Instructions for the task
Starting with the line below that holds "50 Sherwood Forest" and stopping after the line that holds "1771421516_944", transcribe the lines exactly, leaving out all pictures.
(Material for the task begins)
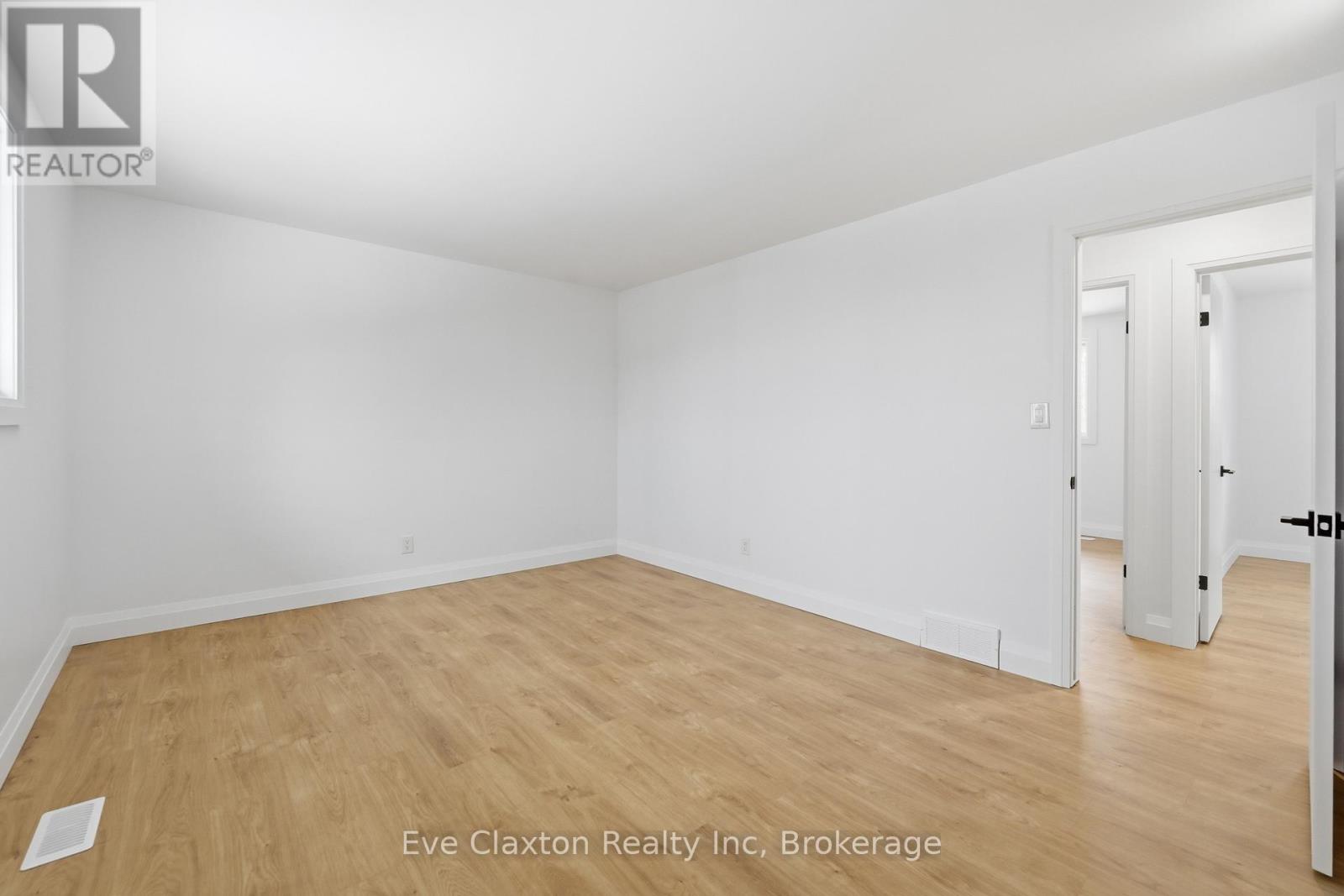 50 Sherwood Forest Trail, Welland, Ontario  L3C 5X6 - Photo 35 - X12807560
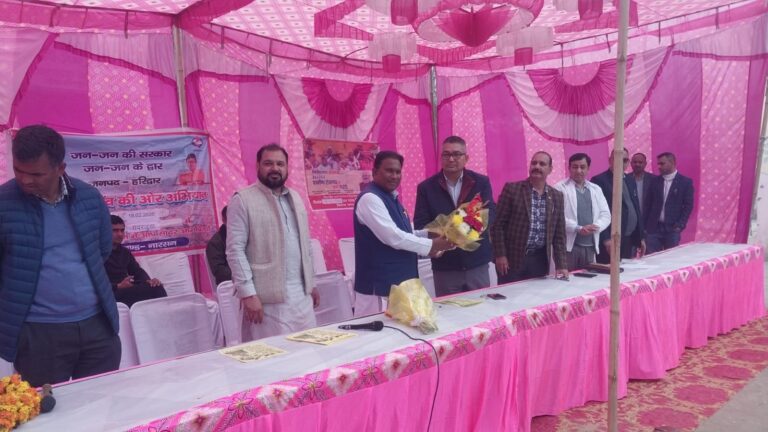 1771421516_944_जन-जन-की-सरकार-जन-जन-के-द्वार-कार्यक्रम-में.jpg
(Material for the task ends)
(Material for the task begins)
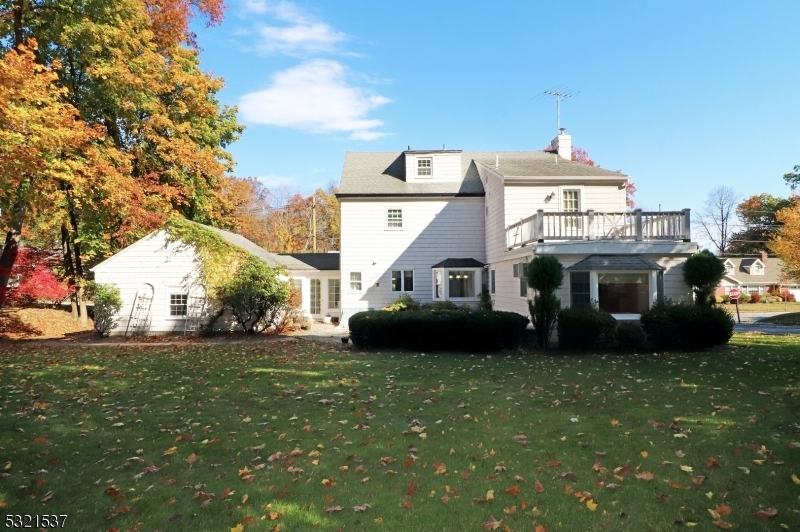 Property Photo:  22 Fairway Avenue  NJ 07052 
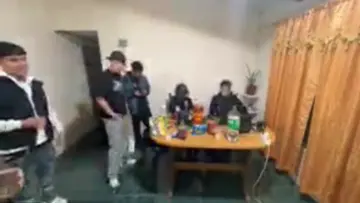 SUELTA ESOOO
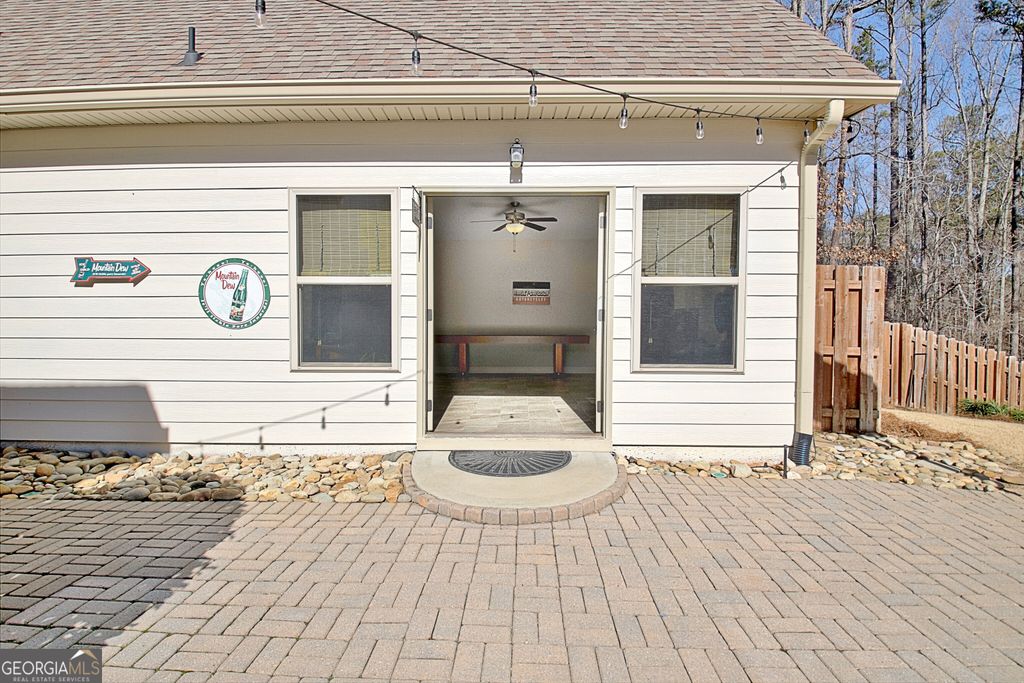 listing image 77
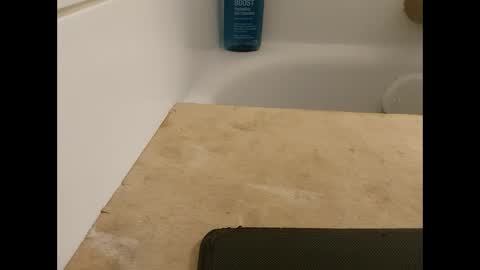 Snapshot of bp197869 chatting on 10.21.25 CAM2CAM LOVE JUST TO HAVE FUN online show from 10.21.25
(Material for the task ends)
(Material for the task begins)
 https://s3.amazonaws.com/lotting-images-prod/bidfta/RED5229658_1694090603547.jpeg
(Material for the task ends)
Answer to the exercise
 50 Sherwood Forest Trail, Welland, Ontario  L3C 5X6 - Photo 35 - X12807560
 1771421516_944_जन-जन-की-सरकार-जन-जन-के-द्वार-कार्यक्रम-में.jpg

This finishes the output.